# Entries provided:
§ §

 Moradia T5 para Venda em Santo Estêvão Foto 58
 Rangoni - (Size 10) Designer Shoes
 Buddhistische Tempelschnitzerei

§ §

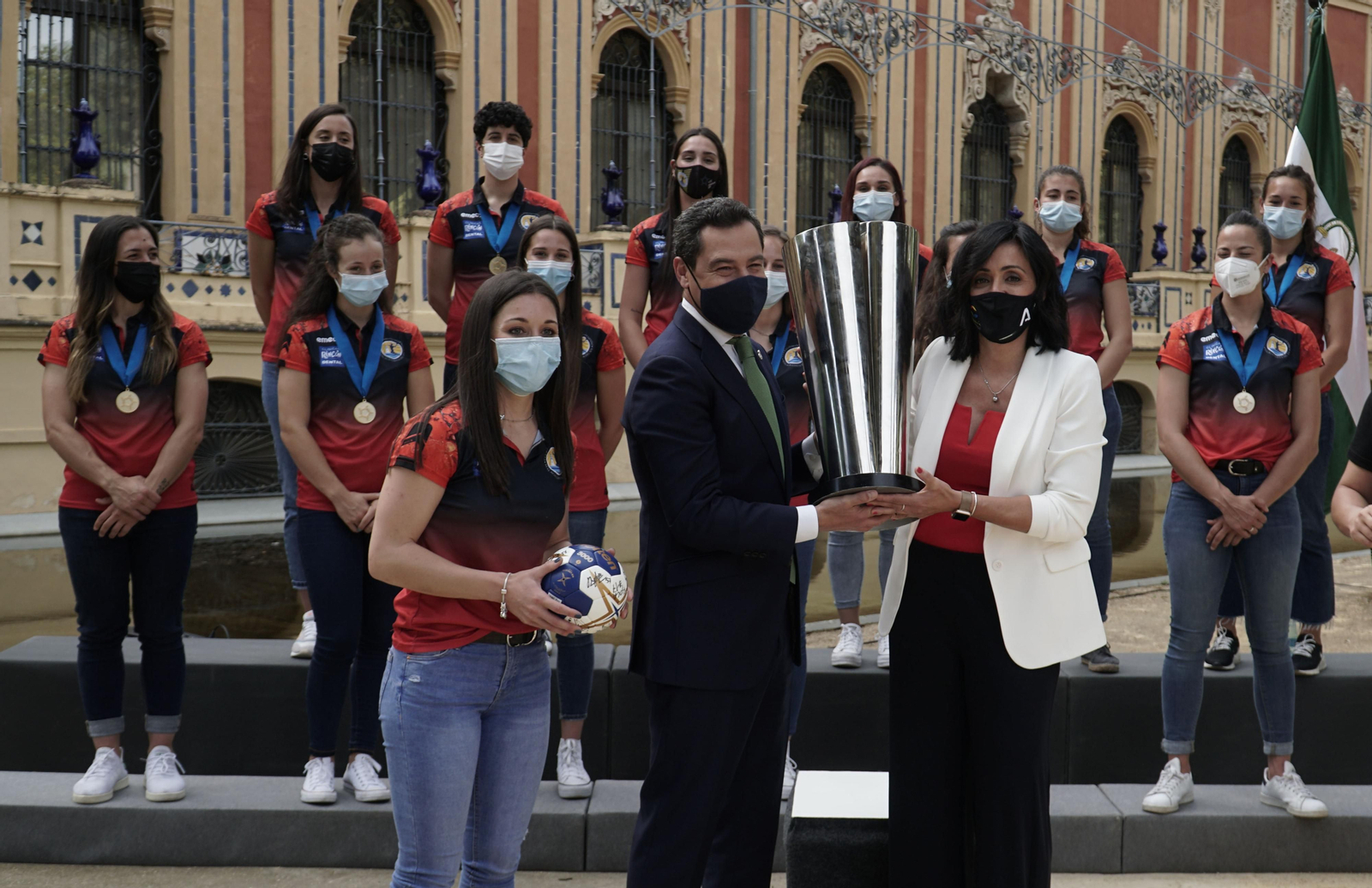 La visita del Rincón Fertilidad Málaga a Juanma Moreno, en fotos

§ §

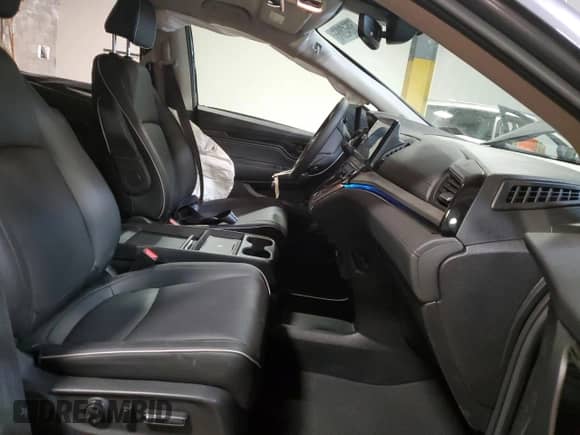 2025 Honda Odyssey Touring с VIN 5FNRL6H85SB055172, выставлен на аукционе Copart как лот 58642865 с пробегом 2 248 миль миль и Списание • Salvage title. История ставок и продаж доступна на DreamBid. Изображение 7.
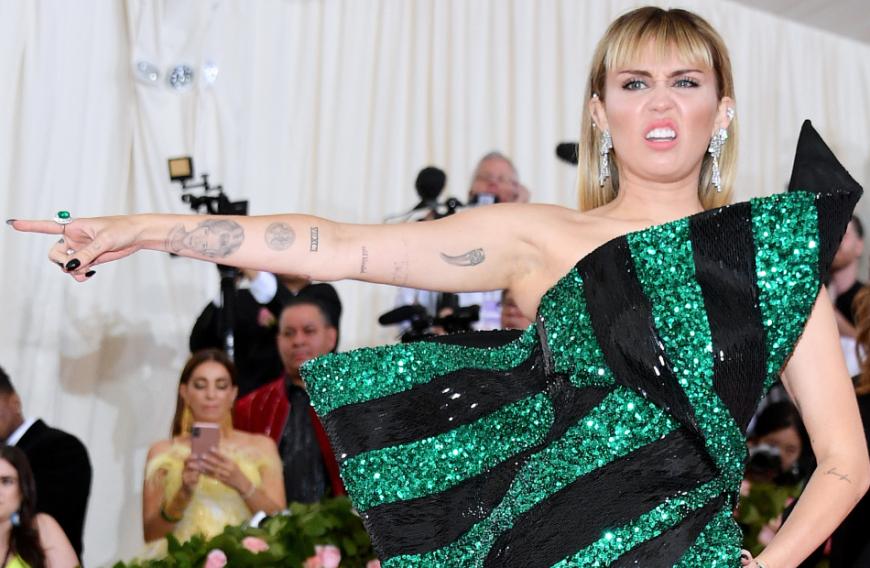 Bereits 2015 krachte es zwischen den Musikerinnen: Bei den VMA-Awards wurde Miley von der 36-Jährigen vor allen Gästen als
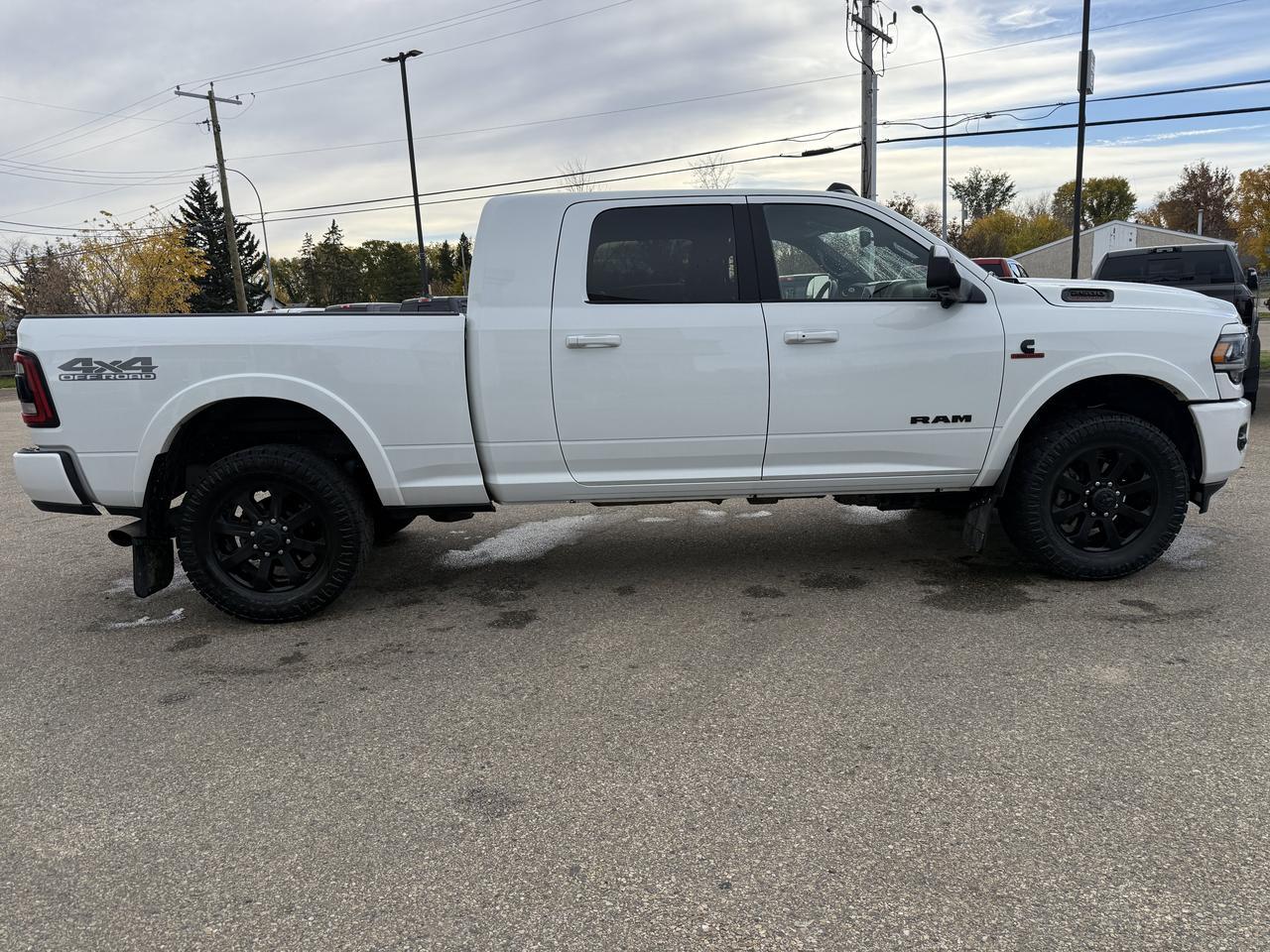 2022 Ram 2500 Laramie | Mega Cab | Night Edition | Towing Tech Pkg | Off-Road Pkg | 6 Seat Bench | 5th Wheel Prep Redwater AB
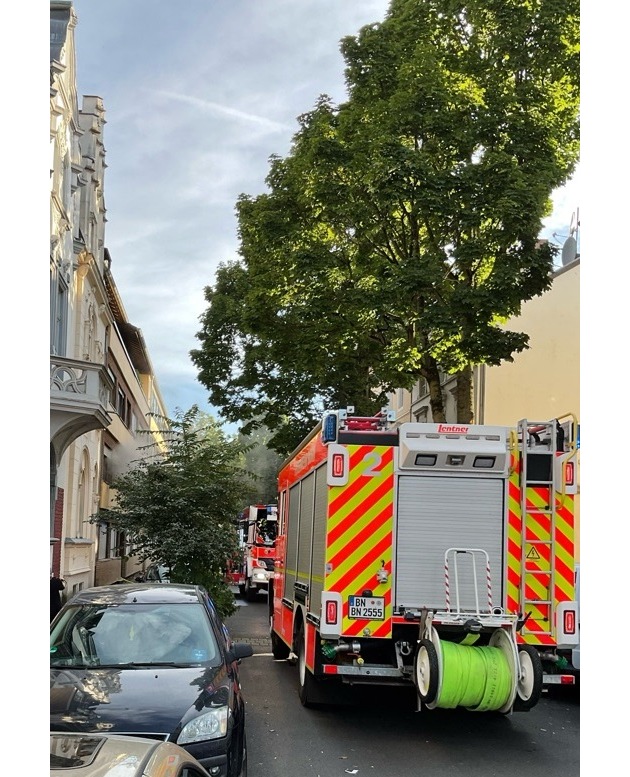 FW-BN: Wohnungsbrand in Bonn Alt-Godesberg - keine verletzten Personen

§ §

# What to do:
Using the data above, reproduce exactly the lines from the line that contains "Moradia T5 para" through the line that contains "Buddhistische Tempelschnitzerei", including both.

# Output:
 Moradia T5 para Venda em Santo Estêvão Foto 58
 Rangoni - (Size 10) Designer Shoes
 Buddhistische Tempelschnitzerei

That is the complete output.